Racing Point were docked 15 points and fined £361,000 for copying parts of the Mercedes Lewis Hamilton last year drove to a sixth world championship.
Ferrari, Renault, McLaren and Williams noted their intention to protest the verdict on the eve of last weekend’s 70th Anniversary Grand Prix at Silverstone.
They had until Wednesday morning to decide if they wanted to continue with their action which would involve lawyers at the FIA’s Court of Appeal.
The four teams were keen to understand if there could be other parts on the Racing Point machine which are identical to the 2019 Mercedes. It is also understood they do not believe the verdict to be severe enough.
But Ferrari and Renault – the latter’s initial protest led to the FIA investigation – will now go it alone, with McLaren saying on Tuesday night: “McLaren Racing has decided not to appeal the decisions of the FIA stewards in relation to Renault’s protests of Racing Point.
“The team welcomes the stewards’ decisions and findings in this case and importantly that the FIA has demonstrated that transgressions of the rules will be investigated and punished.
“Moreover, McLaren Racing is pleased that the FIA will further clarify the sporting and technical regulations to protect Formula One as a sport where teams are clearly defined as constructors, and removes the potential that the Formula One world championship includes cars that are, in effect, copies of other competitors.
“Additionally, McLaren Racing respects the decisions of Ferrari and Renault to pursue their appeals and will follow proceedings with interest.”
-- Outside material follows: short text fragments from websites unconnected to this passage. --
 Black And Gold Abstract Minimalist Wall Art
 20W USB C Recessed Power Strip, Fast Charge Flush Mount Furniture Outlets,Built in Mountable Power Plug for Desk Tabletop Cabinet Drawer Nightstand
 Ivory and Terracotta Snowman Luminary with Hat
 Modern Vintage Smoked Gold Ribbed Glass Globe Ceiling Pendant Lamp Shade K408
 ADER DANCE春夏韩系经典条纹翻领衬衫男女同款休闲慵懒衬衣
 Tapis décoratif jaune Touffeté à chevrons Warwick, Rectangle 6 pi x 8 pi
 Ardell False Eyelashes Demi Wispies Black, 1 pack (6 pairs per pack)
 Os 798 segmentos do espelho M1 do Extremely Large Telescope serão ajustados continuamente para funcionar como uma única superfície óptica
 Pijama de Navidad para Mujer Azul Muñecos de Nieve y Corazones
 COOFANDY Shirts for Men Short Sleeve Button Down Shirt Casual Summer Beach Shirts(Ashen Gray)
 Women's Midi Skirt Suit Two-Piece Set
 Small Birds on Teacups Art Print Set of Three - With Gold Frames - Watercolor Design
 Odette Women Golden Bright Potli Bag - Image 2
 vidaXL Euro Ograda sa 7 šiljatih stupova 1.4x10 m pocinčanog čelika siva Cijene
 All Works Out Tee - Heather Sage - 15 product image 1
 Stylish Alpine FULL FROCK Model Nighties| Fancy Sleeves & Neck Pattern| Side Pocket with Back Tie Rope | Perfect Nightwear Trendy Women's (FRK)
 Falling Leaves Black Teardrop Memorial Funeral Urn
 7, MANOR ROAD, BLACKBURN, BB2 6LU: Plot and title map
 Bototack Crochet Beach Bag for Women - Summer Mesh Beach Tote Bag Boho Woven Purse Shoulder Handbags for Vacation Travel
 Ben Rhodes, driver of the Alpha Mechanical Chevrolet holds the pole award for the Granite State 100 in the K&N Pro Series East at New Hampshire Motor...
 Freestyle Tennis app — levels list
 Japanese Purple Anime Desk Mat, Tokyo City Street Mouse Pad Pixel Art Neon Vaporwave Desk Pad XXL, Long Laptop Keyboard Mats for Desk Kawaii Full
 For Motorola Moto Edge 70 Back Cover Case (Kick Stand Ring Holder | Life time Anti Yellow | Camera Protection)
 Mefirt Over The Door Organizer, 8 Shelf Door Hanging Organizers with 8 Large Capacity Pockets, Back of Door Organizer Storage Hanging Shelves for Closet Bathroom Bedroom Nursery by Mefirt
Mercedes were dragged into the row after it emerged they had supplied a complete set of 2019 brake ducts to Racing Point on January 6.
It was also established that they provided Racing Point with computer-aided design models for the parts which assisted them in building this year’s car, dubbed the ‘Pink Mercedes’.
F1’s governing body ruled that the transfer of brake ducts from Mercedes to Racing Point did not constitute a “significant breach of the sporting regulations” and the sharing of data was within the rules.
Speaking after last Sunday’s race at Silverstone, Mercedes team principal Toto Wolff said: “If someone thinks we have done something wrong then they should protest, and we are happy to go to court.
“Our reputation is very important but it is intact. We have not been protested. We have done nothing wrong.”